Neve Dekalim, Gaza - On a synagogue dais above hundreds of young women who are bracing themselves for removal from this Jewish settlement, Rabbi Motti Elon pulls a prayer shawl tightly around him and bends over in agony.

"This holy ark will be destroyed, but hearts cannot be destroyed," he says, speaking into a megaphone. "We will continue. We are only at the beginning of the path."

In the final chapters of their losing battle to save Israeli communities in the Gaza Strip and the West Bank, spiritual leaders like Rabbi Elon have played an increasingly prominent role on the barricades of the settlers' last stand in the Gaza Strip.

Principals of religious academies and classroom instructors, they have preached sermons that have been the siren calls rallying thousands of students to Gaza in defiance of Israeli law restricting nonresident entry of the settlements. Some have stoked a firestorm by urging soldiers to defy evacuation orders. At mass demonstrations against the evacuation, they have shared the dais with right-wing politicians and the local leadership of settlement communities in Gaza and the West Bank.

"Everybody understands this is a spiritual struggle, not only a political struggle," says Rabbi Shlomo Aviner, a diminutive cleric from the West Bank, who peppers his French-accented rhetoric with comic potshots at the media and the government. "The meaning of that spiritual struggle is: Is the Land of

Israel ours, or does it belong to the murderers?"

As Israel begins to relinquish this coastal strip of land to the Palestinians, many rabbis have sought to persuade their faithful to lower the flames of the conflict, ending their resistance in dignity rather than violent disarray. They have tried to look forward, emphasizing loyalty to the country, rather than the cultural, political, and religious divide that separates the settlers from mainstream Israelis, who largely favor the end of occupation.

Except that many of the foot soldiers of the antidisengagement movement are impulsive youths who have taken the struggle into their own hands - taking air out of army jeeps, assaulting police officers, and pelting tanks with paint balls. Others have come under the influence of more radical rabbis who justify the use of civil disobedience. The response of the more moderate rabbis has been to avoid denouncing the law breaking, expressing compassion rather than condemnation.

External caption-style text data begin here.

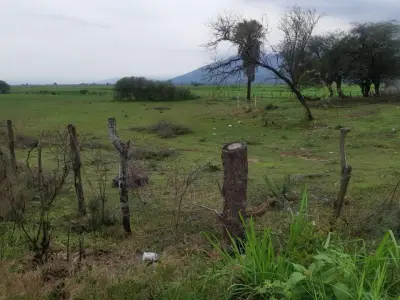 Terreno en venta en San Martín Hidalgo - foto 2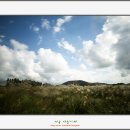 태흥목장 이미지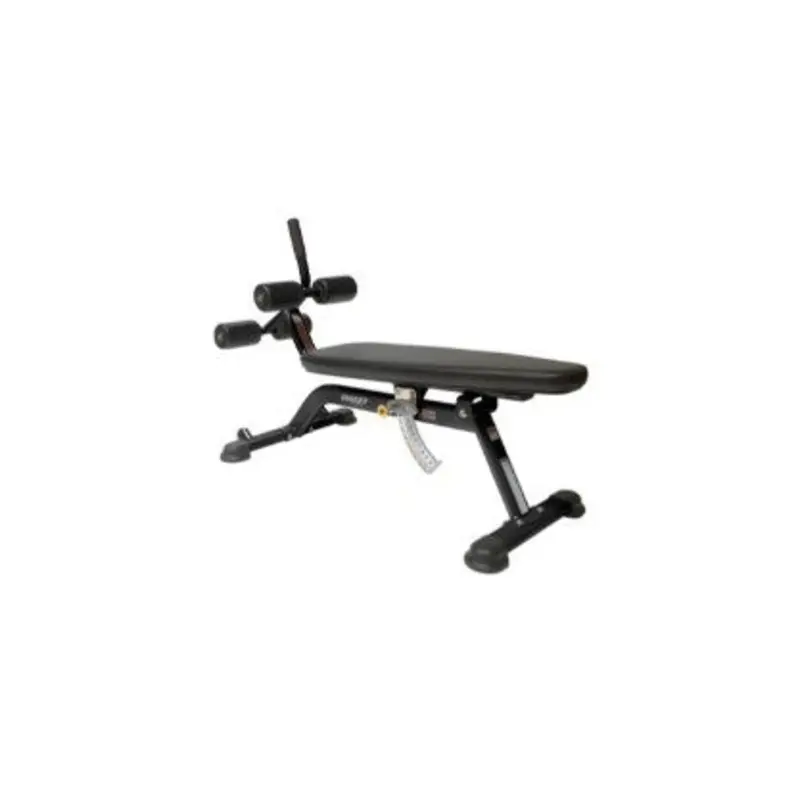 Hoist Fitness HF5264 Adjustable Ab Bench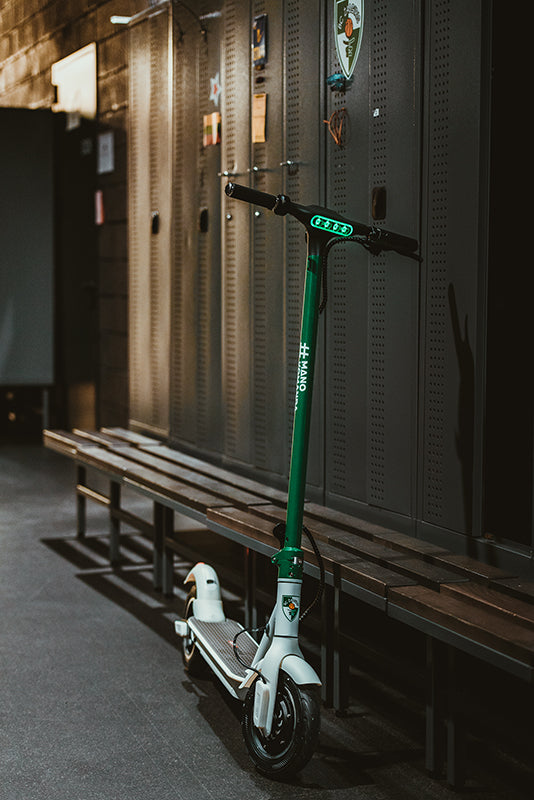 Elektrinis paspirtukas Beaster Scooter BSZAL 350 W, 36 V, 8 Ah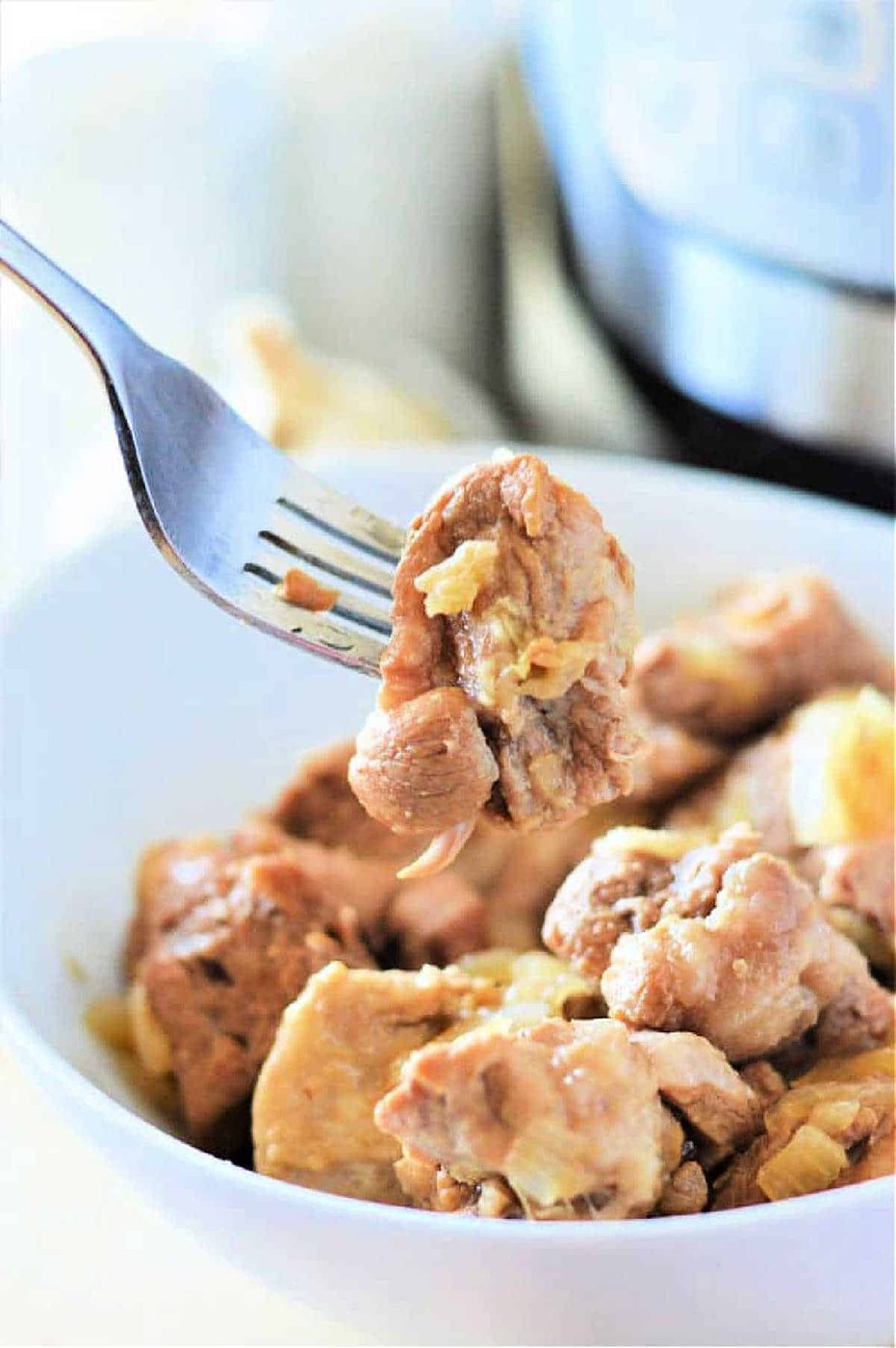 Adobo Pork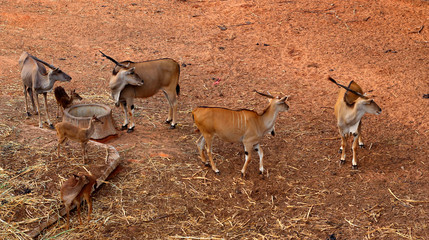 Springbok in the zoo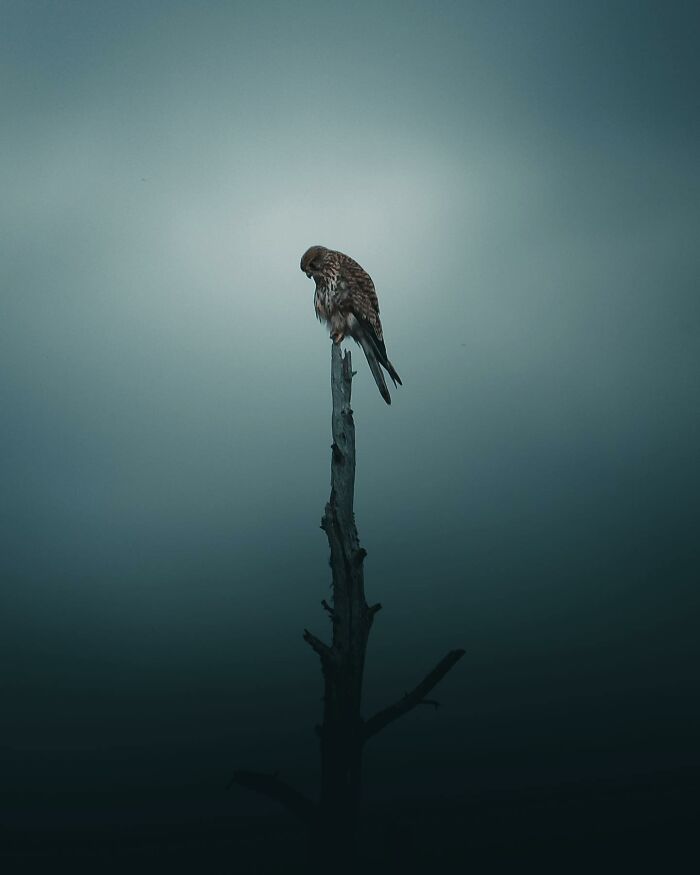 Wait, These Wild Animal Photos Are Basically Art? Yup, And Here’s Why!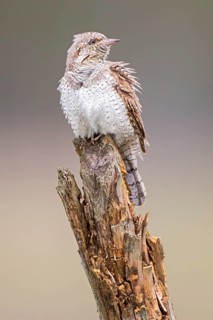 Eurasian Wryneck (Jynx torquilla), Saxony-Anhalt, Germany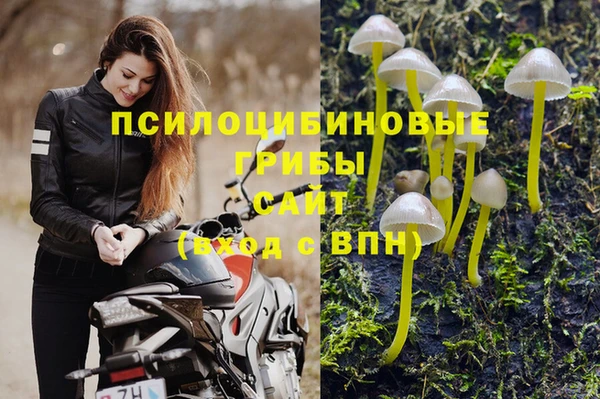 марки nbome Алзамай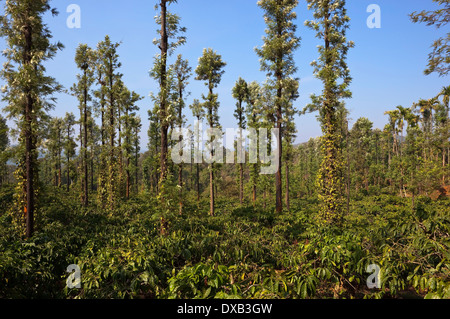 Coffee plantation with pepper plants growing on silk oak trees in the fertile landscape of Wayanad in Kerala, South India Stock Photo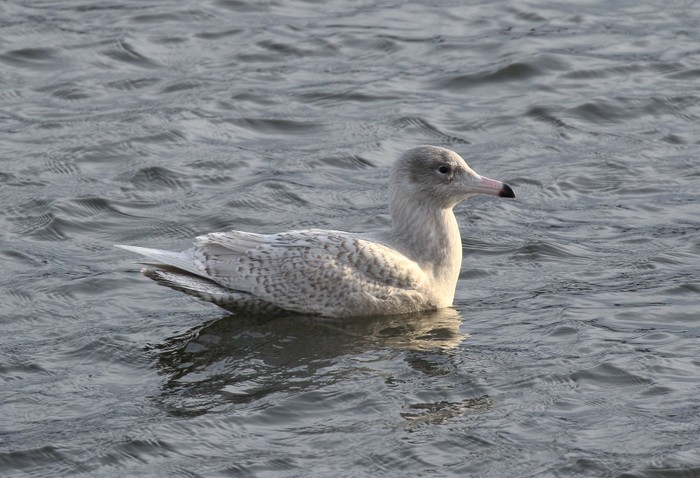 Glaucous Gull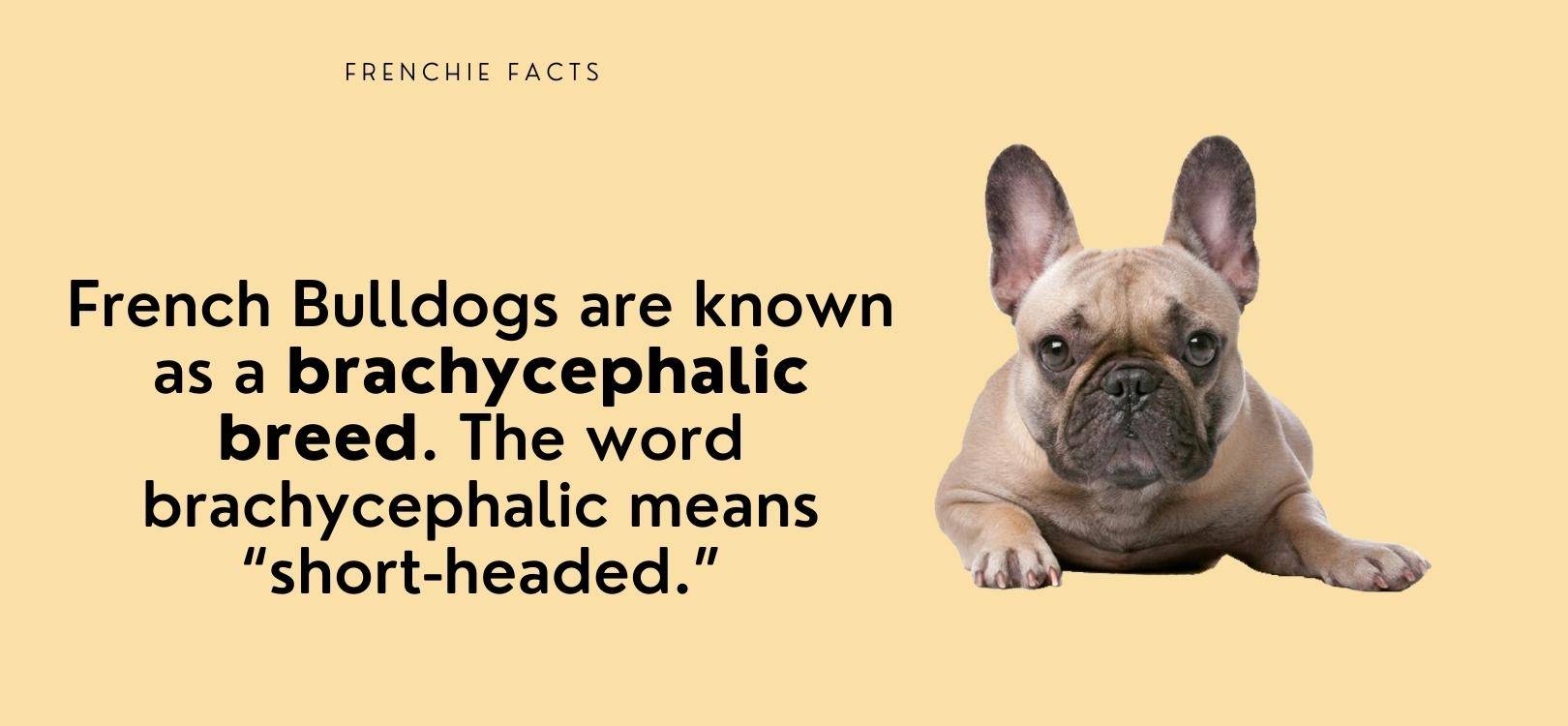 Do French Bulldogs Need A Harness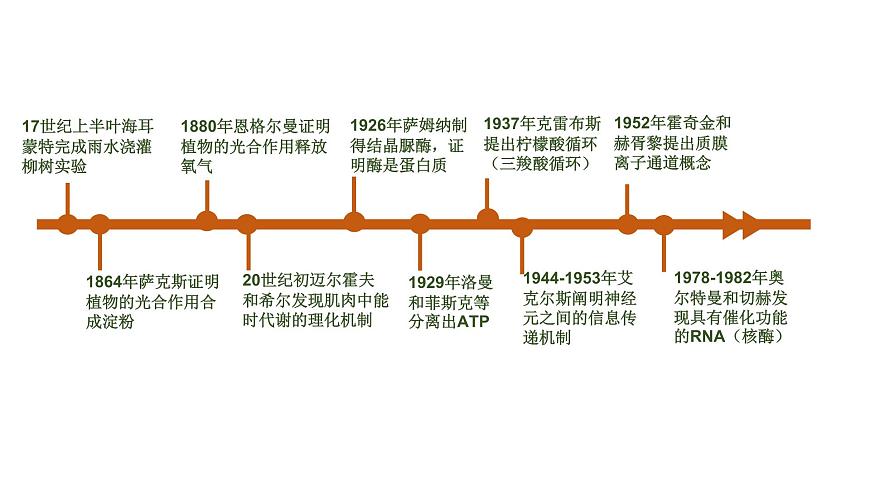 3.1 生命活動(dòng)需要酶和能源物質(zhì)（課件）（蘇教版必修1)第4頁(yè)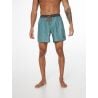 Prtfirdows Beachshort Protest Arcticgreen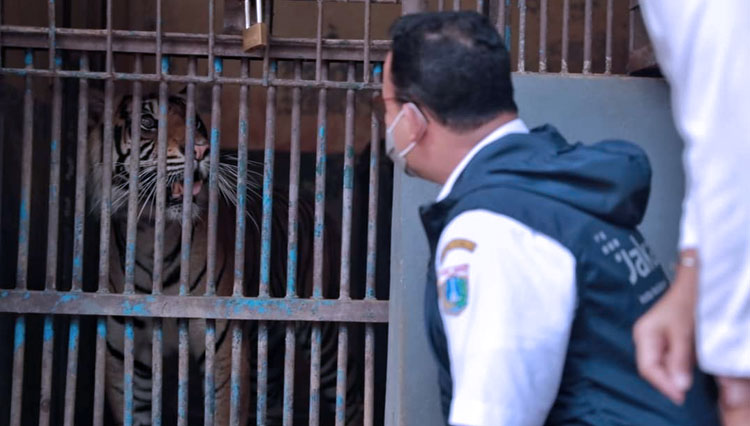 Gubernur Anies Baswedan saat mengunjungi Harimau di Taman Margasatwa Ragunan (TMR) yang sudah dinyatakan terpapar Covid-19. (FOTO: Pemrov DKI Jakarta)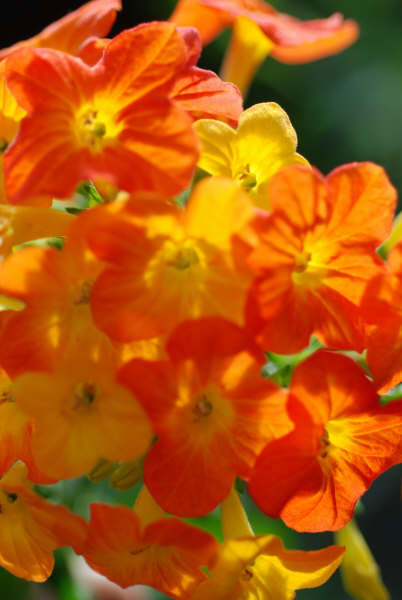 Photo by :: �����ó� 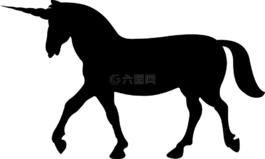 动物,书籍,生物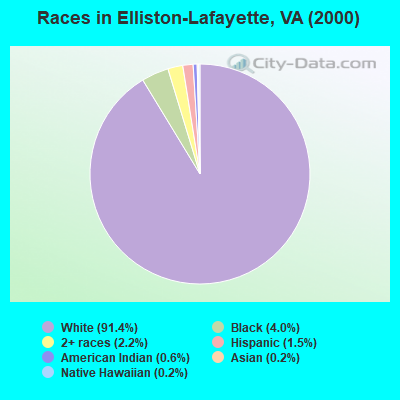 Races in Elliston-Lafayette, VA (2000)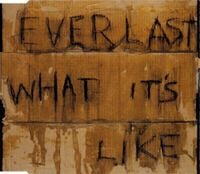 Everlast - What It's Like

"It is important to set limits and order. It is important there be a positive message," says Rabbi Elisha Aviner, a brother of Shlomo Aviner, who works with hundreds of youths camped out in Gaza. Still, "there are people who have hot hearts. We can't go against them."

A symbiosis has developed over the years between political leaders of the settlers and the rabbis who have preached for decades against any territorial compromise with the Palestinians. The political leadership has plotted strategy while the clerics have provided the theological soul food to inspire their faithful.

"There is complete chemistry between the spiritual leadership and the lay leadership," says Lior Kalfa, the head of the Neve Dekalim local council, as he briefs one of the spiritual leaders on evacuation negotiations with the government.

In the battle over the Gaza evacuation, the military has also recognized the influence of the rabbis, giving them permits allowing freedom of movement even after the roads were closed in the settlements.

In the Jewish state's public life, rabbis gain prominence by rising through the government-sanctioned religious bureaucracy, or at yeshivas, publicly funded religious seminaries. And in the private life of the religiously devout, rabbis are consulted on everything from marital disputes to health dilemmas.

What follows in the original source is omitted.